Trying in 2010: Wacked out zucchini

I love zucchini. Easy to grow and delicious -- what more could you want? And I thought I had found the perfect variety: For the past several years I've grown Costata Romanesco (as seen in this picture from Johnny's Selected Seeds) – the rich, nutty flavor and crisp texture put it in a class by itself. It is also beautiful, AND isn't so extreme when it comes to yield. Normal zucchini produce in gross excess. Costata Romanesco produces maybe half as much -- a far more manageable amount.

But: there is a problem with all the zucchini I've ever tried. Right when they are hitting their stride and producing away, a devilish little insect called the squash vine borer suddenly causes them to wilt, collapse, and die. These noxious little beasts don't eat the leaves like most insect pests – no, the larva burrow through and eat the stem, right at the base of the plant. In other words: They munch away at the one place where a little damage can kill the entire plant, bringing the zucchini harvest to a screeching halt. I've not seen any scientific studies on this, but personally I'm convinced the borers do this out of a twisted desire to ruin my summer. You can bet that if zucchini was a weed, they wouldn't be so eager to eat it. Rotten borers.

I hate squash vine borer. Either I spend most of the summer picking all their wretched little eggs off my plants, or they ruin my zucchini season half way through the summer. So I was excited this winter to learn that I may have an alternative. Zucchini (along with acorn, spaghetti, and delicata squash) is derived from the species Cucurbita pepo – a species that squash vine borers happen to adore. Cucurbita moschata, the species which produces butternut squash, however, is resistant to borers. Butternuts are one of my favorite winter squashes – delicious and sweet -- but they are hardly a replacement for zucchini. At least that is what I thought. This year I learned of a variety of C. moschata called Zucchetta rampicante tromboncino (picture from Washington State Extension) a long,

stretched out butternut intended to be eaten young, as a summer squash (though you can apparently eat at the end of the season as a winter squash too). Could this be it? A borer resistant zucchini? Well, we shall see.The reviews on Dave's Garden are overwhelmingly positive, though one person mentions a problem with borers! NO!!! I'm going to be growing it along with Costata Romanesco this year, comparing how they do with borers, and and putting them head-to-head in a taste test.
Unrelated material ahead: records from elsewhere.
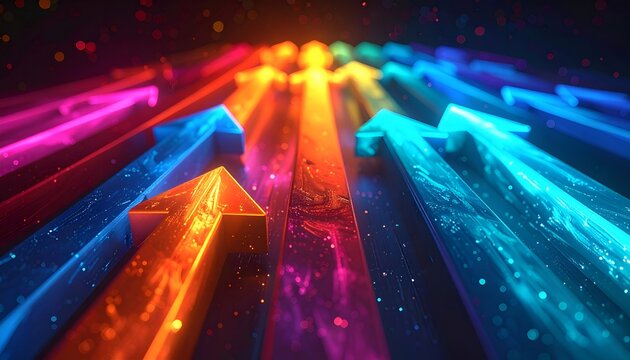 Vibrant arrows glow in bold colors. Light trails pulse with energy and motion
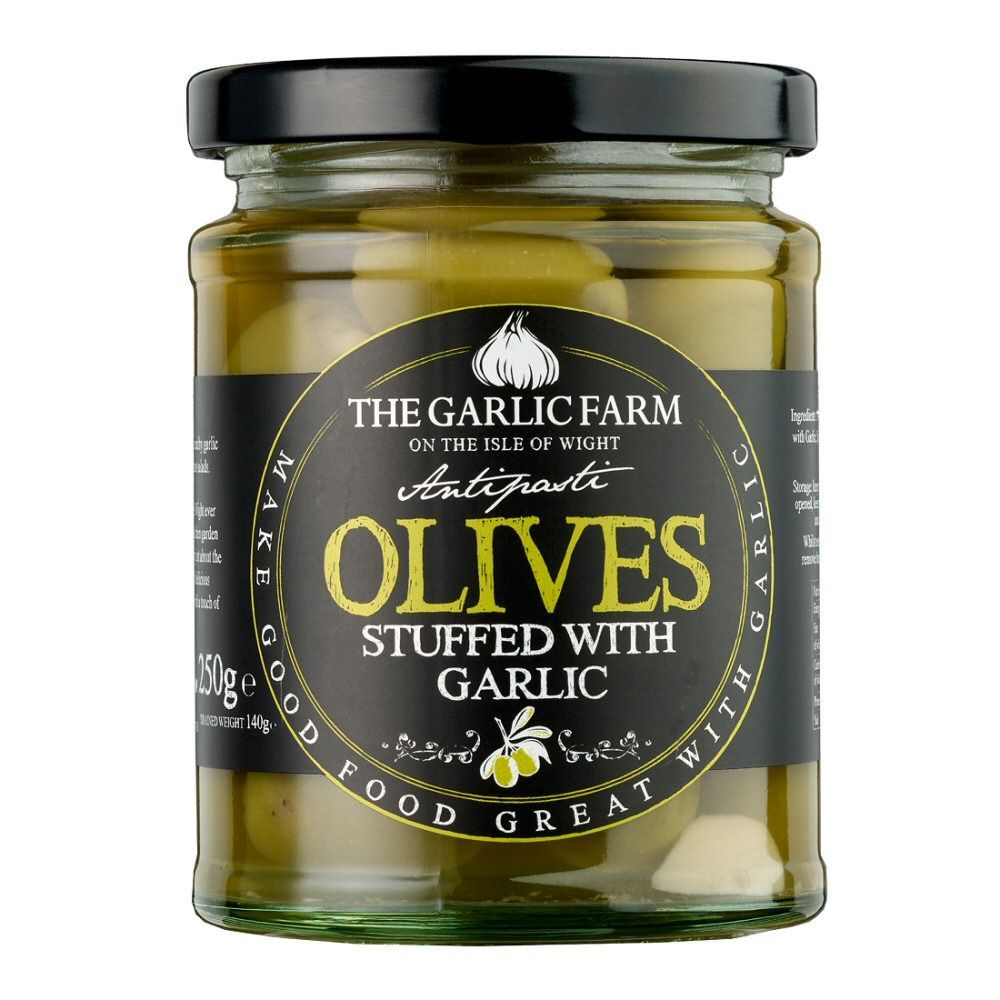 Garlic Farm 250g Green Olives Stuffed with Garlic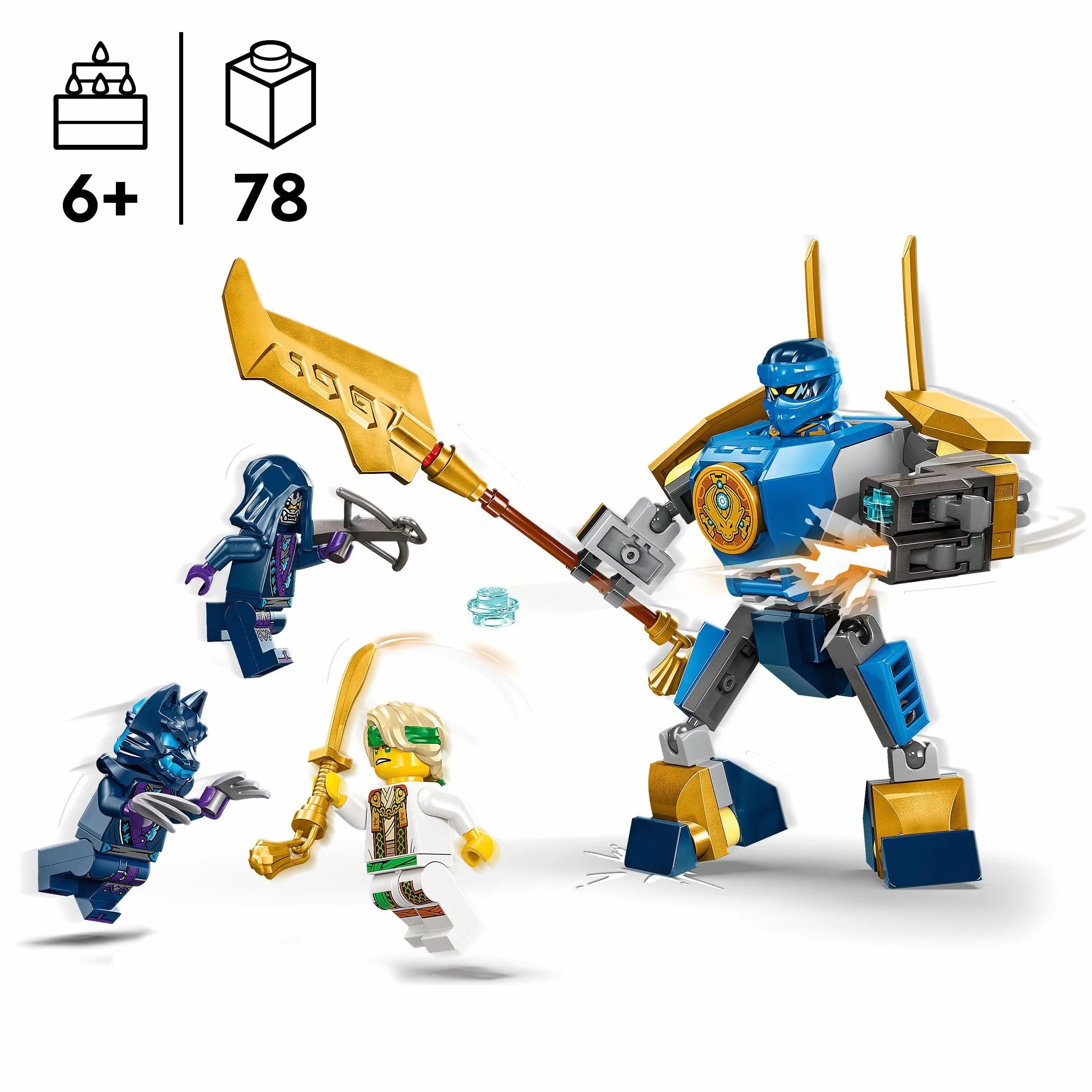 LEGO Ninjago Pack de Combat Robot de Jay Jouet Ninja Figurines Jay Mini-Katana Robots Cadeau Enfants 6 Ans 71805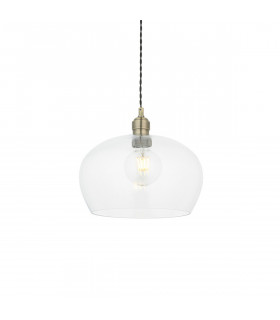 Single Pendant Ceiling Lamp Antique Brass Plate Glass-1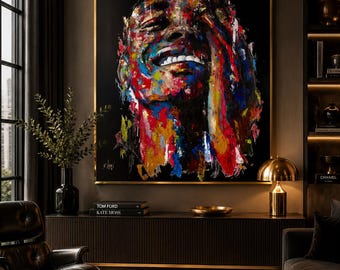 Colorful Joy Portrait Canvas Print, Contemporary Black Art, Large Statement Wall Art, Modern Expressionist Painting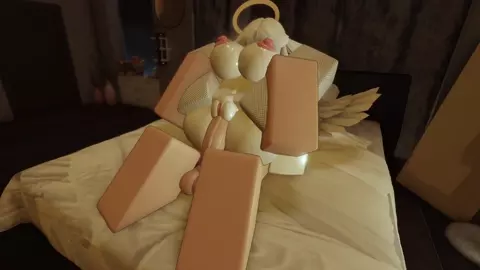 Fucking a sexy angel in Roblox creampie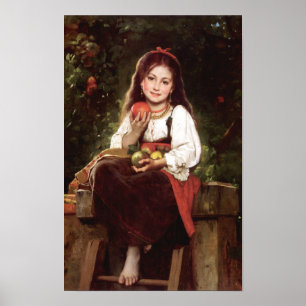 De appelplukker Léon Bazile Perrault 1879 Poster
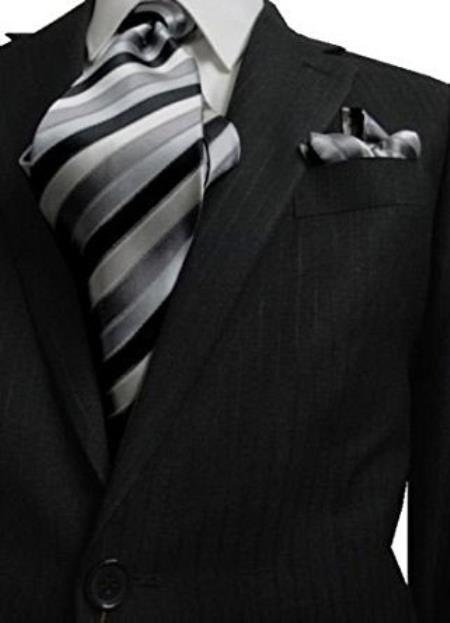  Bertolini 2 Button Charcoal with Hidden Pinstripes Notch Lapel Wool & Silk Blends Suit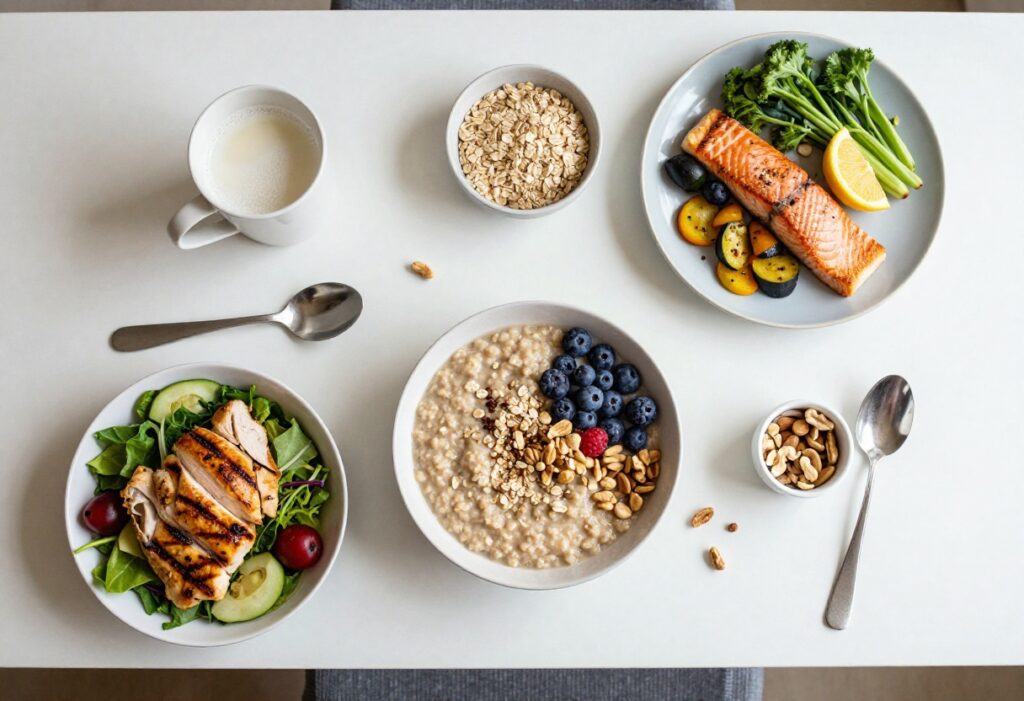 Balanced meals on a table representing a 2000 calorie meal plan for women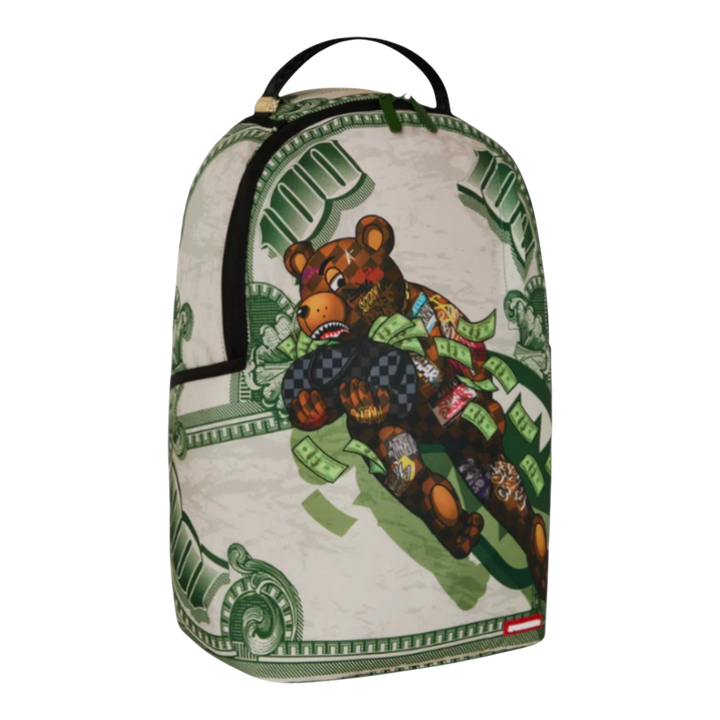 HypeSelection Fly Bear 2 backpack with money graphic and bear design, made of durable synthetic leather.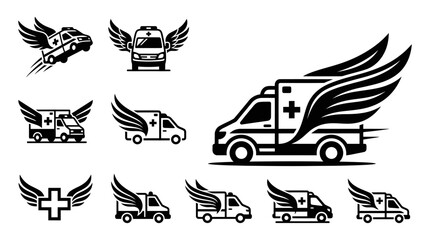Ambulance Icons with Wings: Emergency Medical Transport, Fast Care, Healthcare Service Logos © khami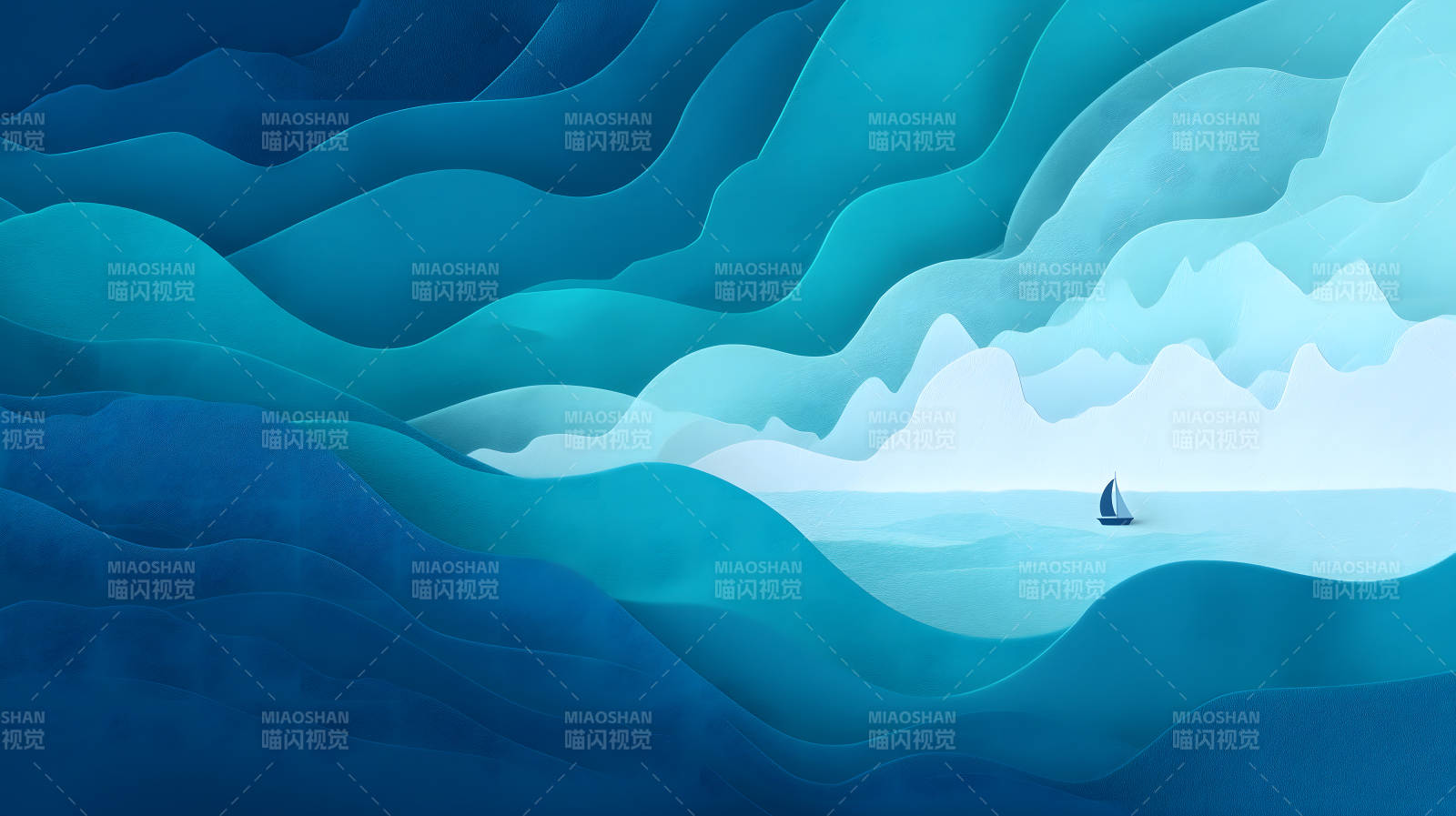 蓝色海洋与帆船图片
Hopefully, the crazy new squash with the too long name will become my new favorite and I can kiss squash vine borers goodbye!


Aaerelon said...

Very interesting. I haven't had any troubles but this is good to know in case I do.

Joseph said...

Borer problems seem to be very location specific: I've gardened in four different locations, two of which (including my current one) had terrible borers every year, while in the other two they were never a problem. Not sure what the difference is... but if you don't have them, consider yourself lucky!

tina said...

This is very good information. I love zucchini too but like you have problems with the borers. Urgh! I wrote down this stretched variety so I can look for it. I think it is well worth giving it a try.

I've been here a few times before and really enjoy your blog. You have a lot of great info and cool cartoons. My son knows all too well about sharing his space in my Buick with plants. It can be rough for us at times:)

Joseph said...

Glad you are enjoying the blog, Tina.
I got my seed from Pinetree, if you want to give it a try.

Scott said...

Hope you enjoyed your Tromboncino! We love that squash but it sure does grow LARGE.